PTM 215Z enOcean slow respons randomly #22897

Open samuele2723 opened 3 months ago

samuele2723 commented 3 months ago

What happened?

Hello, i write here to have some support for my home switches because my wife is crazu with me!!

I have a large setup with Sonoff CC2531 coordinator, my network is composed by 190 devices across 4 levels (garage, ground, 1st, 2nd). Overall the network works good, means i don't see delays of any kind when i use from home assistant app or from Z2M interface the lights.

Only random delays i have, are when using my switches around the house, that are all PTM 215Z enOcean. And my wife is mainly using these physical buttons to control the lights.

[https://zigbee2mqtt.io/devices/PTM_215Z.html#enocean-ptm%2520215z]

Sometimes, when i click, the light is switch on\off instantly, (i could not even say there is a delay). Some other times it takes 1 to 3 seconds. This happens also in the same switch in the same moment, means if i keep push on\off the delays changes time by time.

I can't say it's an hardware issue, because i have 25 of them and all are affected (especially ones far from coordinator that's at garage level) and also because i've used these with Philips Hue Bridge and they seemed to be more responsive in that setup

What did you expect to happen?

I expect that there is no delay or minimum and repetitible always similar when i use switches. They should be almost instant in their responsiveness, I don't also want to see difference from ground floor or second floor, i would like to understand how to prioritize message responsiveness from these switches

How to reproduce it (minimal and precise)

I can reproduce it every time, and is not related to what light i turn on, or how (home assistant or MQTT) seems related to the delay of the button transmission of PTM 215Z enOcean itself.

It can also be noticed by watching the state change of click actions of PTM 215Z enOcean in the dashboard, you can perceive the message is received in delay from the switch.

Zigbee2MQTT version

1.38.0

Adapter firmware version

20210708

Adapter

ZDONGLE P 2652 sonoff zStack3x0

Setup

Home assistant OS with MQTT and Z2m Addon

Debug log

No response

burmistrzak commented 3 months ago

@samuele2723 We have a similar setup, also about the same size, and observed similar things. Mainly delayed responses from EnOcean switches. I believe this started only in the last 3–4 weeks or so.
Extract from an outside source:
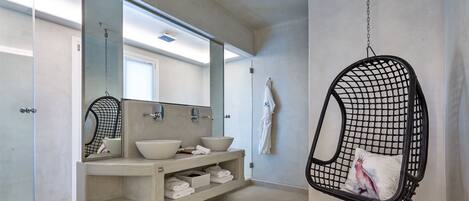 A modern bathroom with a glass shower enclosure, a double sink vanity, and a hanging chair with a cushion.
Have you paired your switches in Unicast mode? Otherwise they might overwhelm your network with broadcast traffic.

samuele2723 commented 3 months ago

Hello there, i didnt know about that. I paired all of them with "enable join" active by all devices i guess, because i leave always open the network when z2m start.

So should i re pair them selecting the closer router for each? Could you explain more ?

burmistrzak commented 3 months ago

Hello there, i didnt know about that. I paired all of them with "enable join" active by all devices i guess, because i leave always open the network when z2m start.

I'll suggest you first set permit_join: false, then remove all your EnOcean switches from Z2M. Sorry! πŸ˜… Restart Z2M when you're done, just to safe.

So should i re pair them selecting the closer router for each? Could you explain more ?

Yes! Reset every single switch (procedure described here), then begin re-pairing by always selecting the "nearest" Zigbee router (permit join dropdown) for each EnOcean switch.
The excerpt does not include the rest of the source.